Taliban’ın Orta Asya’sı

BÜLENT TOKGÖZ
Abone Ol

Ani kalkışmayla birlikte gözler bölgeye çevrilmişken Kazakistan’ın da üyesi bulunduğu Kolektif Güvenlik Anlaşması Örgütü (KGAÖ)’de ilginç bir gelişme yaşandı. Ermenistan parlamentosu, Dağlık Karabağ krizinde Azerbaycan’a destek verdiği için Afganistan’ın örgüt içindeki gözlemci statüsünden mahrum edilmesi talebinde bulundu. Orta Asya ülkelerinin Taliban’la girecekleri ilişkinin mahiyetini konuşmayı gerektiren bir durumdu bu.

Afganistan’ın birdenbire düşüşü Taliban için bile beklenmedik bir hızla gerçekleşse de bölge ülkelerinin muhtemel Taliban iktidarı için hazırlıkları büyük oranda tamamdı. Yıllardır sınır birliklerini takviye ederek ve ortak tatbikatlar yaparak kötü ihtimale hazırlıklarını ikmal etmişlerdi.

  • Rusya, Kazakistan, Kırgızistan, Tacikistan, Ermenistan ve Belarus’tan oluşan KGAÖ, Afganistan’ın resmî gözlemci olmasına izin vermişti ama Taliban’dan sonra bu statü şimdi sorgulanır oldu. Şu var ki üye ülkelerden sadece Tacikistan’ın Afganistan’la sınırı var ve Afganistan’la sınırdaş Özbekistan ve Türkmenistan örgüt içinde yer almıyor. Bu durum, örgütün Afganistan’la ilgili elinin gücüne dair de bir fikir vermeye yetiyor.

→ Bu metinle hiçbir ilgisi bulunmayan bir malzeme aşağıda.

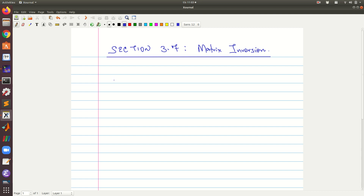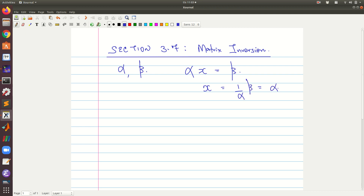Welcome to section 3.7 on matrix inversion. We start by considering that if alpha is a non-zero scalar, then for each non-zero scalar beta, the equation alpha times x equals beta has a unique solution given by x equals one over alpha times beta, which is the same as alpha inverse times beta.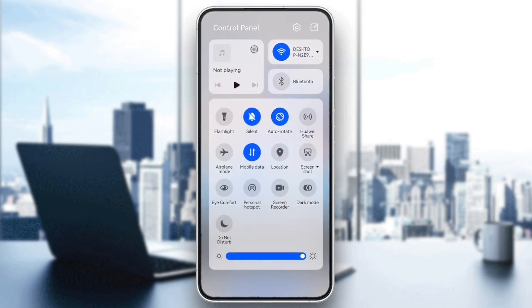First, check your internet connection. Sometimes a weak internet connection can cause Instagram stories to fail when uploading. Make sure you're connected to a strong Wi-Fi or mobile data network. Then try posting your story again.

Örgüt bugüne değin askerî planda ciddi bir sınav vermiş değil. “Terörizm” ve uyuşturucu trafiğine karşı mücadeleyi hedeflediğini söylese de ne kadar etkili olduğu belirsiz. Azerbaycan Ermenistan çatışmasında etkisizliği aleniydi. Kırgızistan ile Tacikistan arasında sınır hattındaki suların paylaşımı üstüne çıkan çatışmalarda da bir varlık gösteremedi.

Esnek ve Pragmatik

Rusya, örgüt üzerinden kendi nüfuzunu güçlendirmenin peşinde. Kendi çıkarına olan ortak tavırları sağlama alıp hoşuna gitmeyen tercihler noktasında üye ülkeleri yalnız bırakarak sorunları ikili düzeyde müzakere etmeyi tercih ediyor. Ne işe yaradığı şaibeli bir hâl aldığında ise Taliban’ın yükselişini öne çıkartarak örgütü bir arada tutma yoluna gidiyor.

Taliban’ın Katar’daki siyasî büro temsilcileri Moskova’daki görüşmede “komşu ülkelerin sınırlarını ihlal etmeyip toprak bütünlüklerine saygılı olacakları, yabancı devlet misyon temsilciliklerine saldırmayacakları, uyuşturucu üretimine engel olacakları ve IŞİD militanlarının Afganistan topraklarında barınmasına izin vermeyecekleri” yönünde taahhütler vermiş olsalar da Rusya işi sıkı tutuyor. “Güvenlik odaklı, çok taraflı, esnek ve pragmatik” bir siyaset izliyor. Rusya için Fergana bölgesi radikal fikirlerin yayılmasına açıklığı sebebiyle hassas bir nokta. Kendi ülkesindeki Müslümanların Taliban’dan ilham alması da son isteyeceği şey.

Afganistan özel elçisi Zamir Kabulov, 16 Ağustos’ta, Taliban’ın Kâbil’i alışından bir gün sonra, “Orta Asya’daki müttefiklerimiz için doğrudan bir tehdit görmüyoruz” demiş, bir ay sonra da Tacikistan’la Afganistan sınırı yakınlarında 50 bin askerle ortak bir tatbikat düzenlemişti.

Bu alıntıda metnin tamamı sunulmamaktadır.